In 1997 I was invited to participate as a guest artist in the studio of Mexican sculptor Jose Sacal and it is here I began to work for the first time in 3D with clay. I returned to Miami in 2006 and continued my work winning several awards for figurative ceramics in the state of Florida. My strong points are the command of gestures making my sculptures expressionistic and powerful which combined with the juxtaposition to found objects creates an organic symbiosis. My work is my voice, a dialogue with the observer and simultaneously a self-exploration. My work can be found in many private collections in the United States and Mexico and in permanent collections including Florida International University Honors College Collection and Huntsville Museum of Art in Alabama.
We’re always bombarded by how great it is to pursue your passion, etc – but we’ve spoken with enough people to know that it’s not always easy. Overall, would you say things have been easy for you?
The world of the Arts is a difficult one because the product, our work, is created with the most intimate part of oneself and therefore we are exposed constantly to the outside world which at times can feel to us as raw and unkind and at times takes us to the highest peaks, this rollercoaster of emotions need to be managed and this is a learning process. The process is also about always moving, always learning. It’s a constant competition with the person I was yesterday and no one else.
We’d love to hear more about your art.
If I were to equate what I do as an artist with a company I would say that I am in the traveling business, for my work is an exploration of myself and my observations of how I as an individual perceive the world. I could also say that I am in engineering because after the idea is conceived the pieces have to come together, stand on their own, using the materials, the colors and the shapes in a marriage of sorts.
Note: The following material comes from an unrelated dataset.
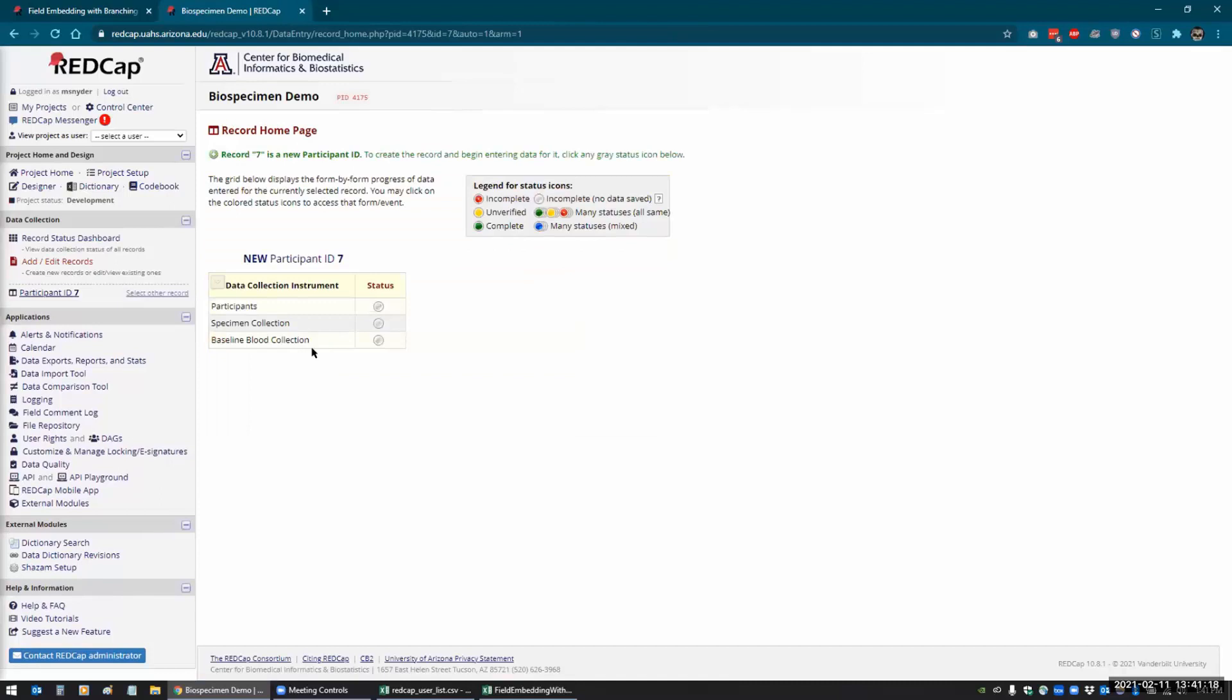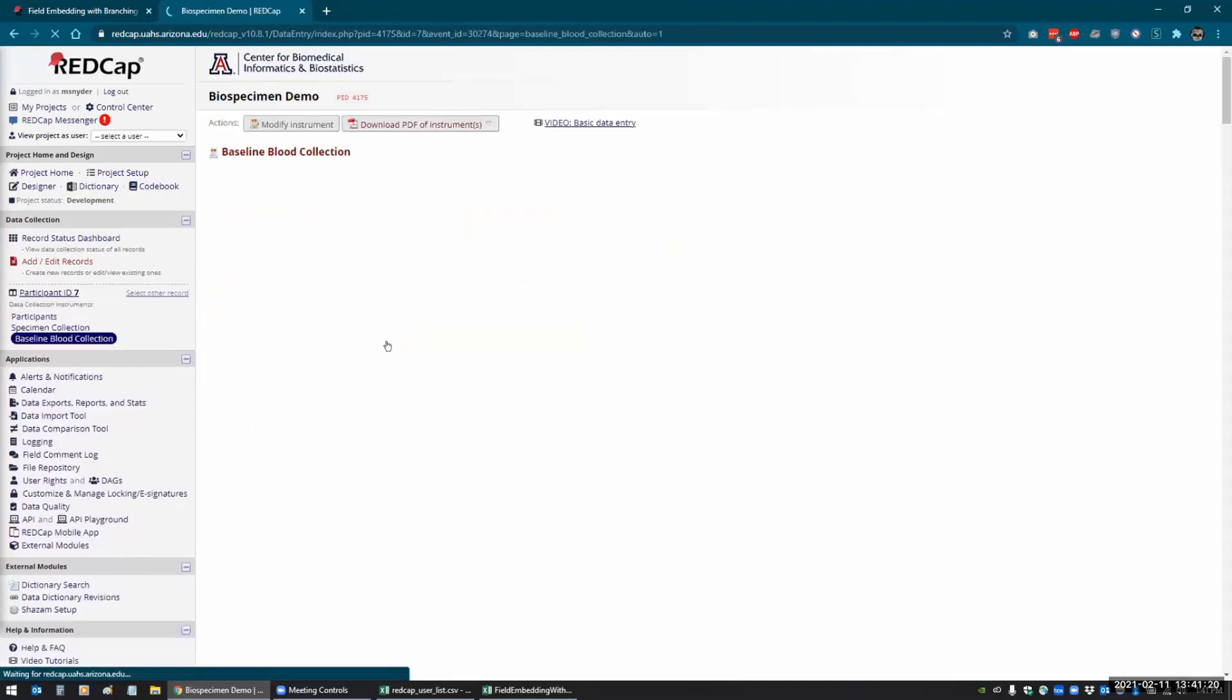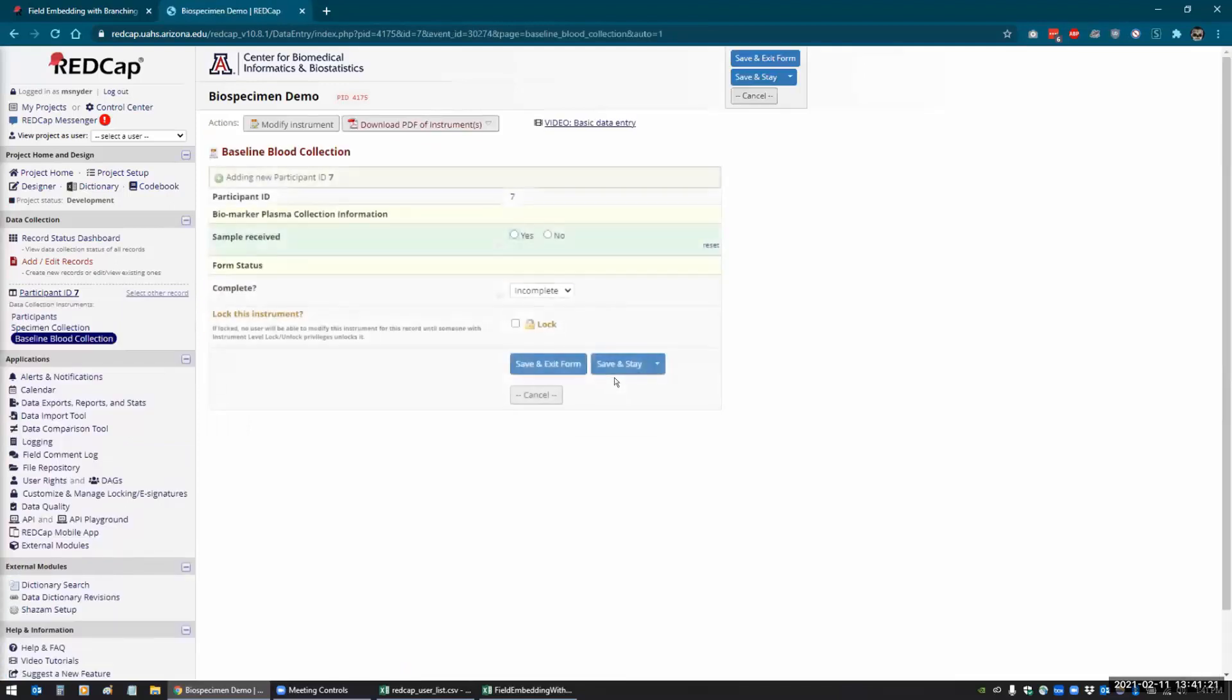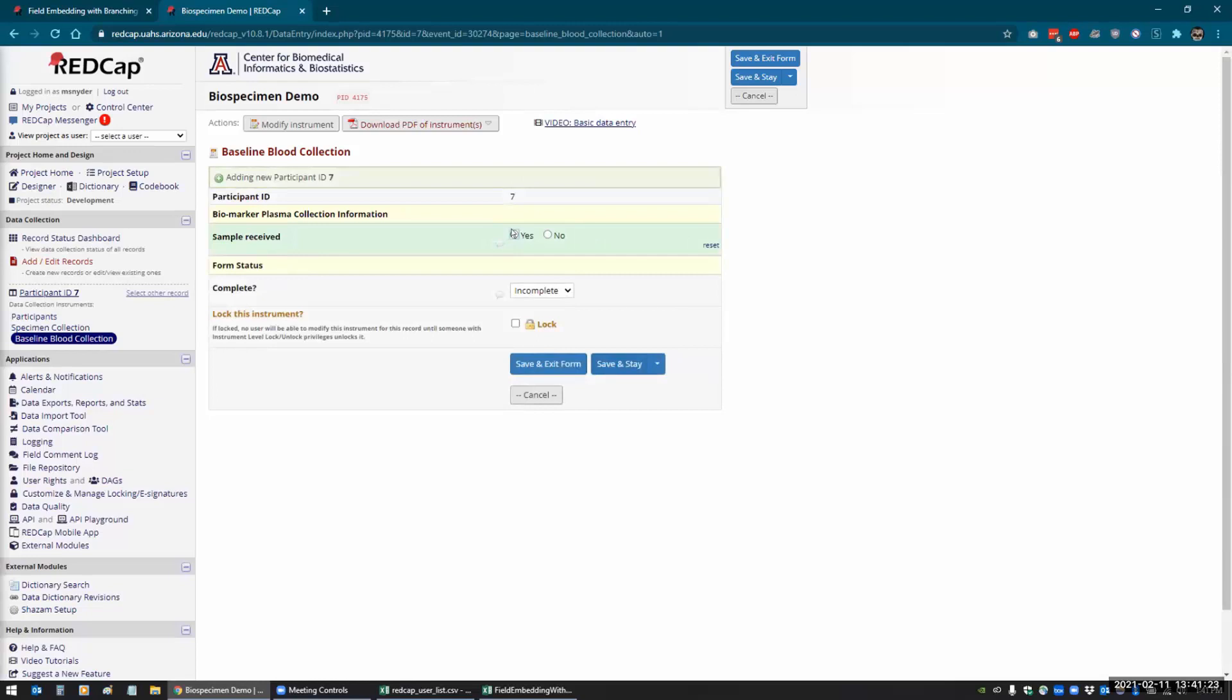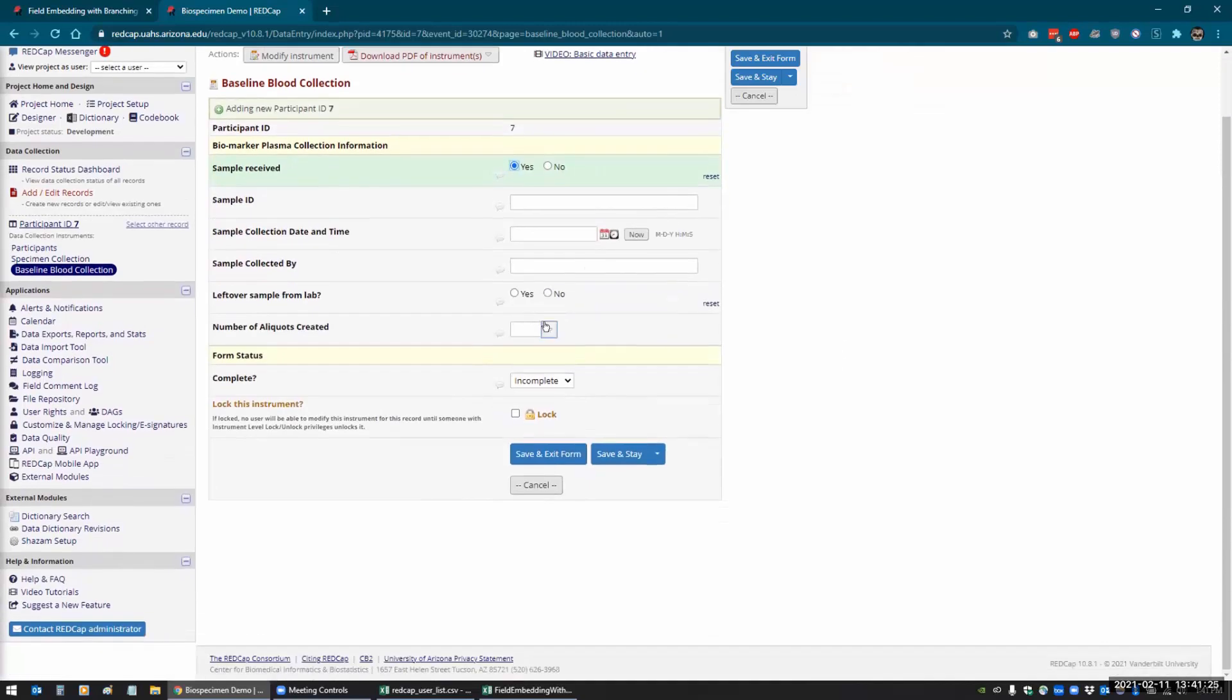So they wanted to collect specimens, and depending on how many specimens they received, they wanted to be able to enter the data for that many specimens.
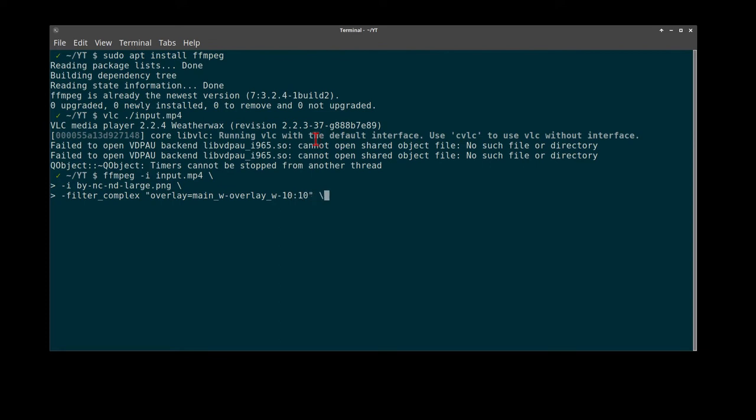We will then copy our audio codec so we do not transform it, and send that to our output.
My work brings two worlds together, I don’t want to let the audience forget that history, our history is important it is embedded in our DNA and therefore impossible to ignore and yet the future is what makes us struggle to be better. For example, in latest series Fragments I am using clay as the main material and added lights and plexiglass to bring a more spiritual dimension to the work. The sculptures some fragments of history like Will the Real Venus….uses torsos of the prehistoric Venus in many different positions to convey our current views of beauty and body dysmorphia.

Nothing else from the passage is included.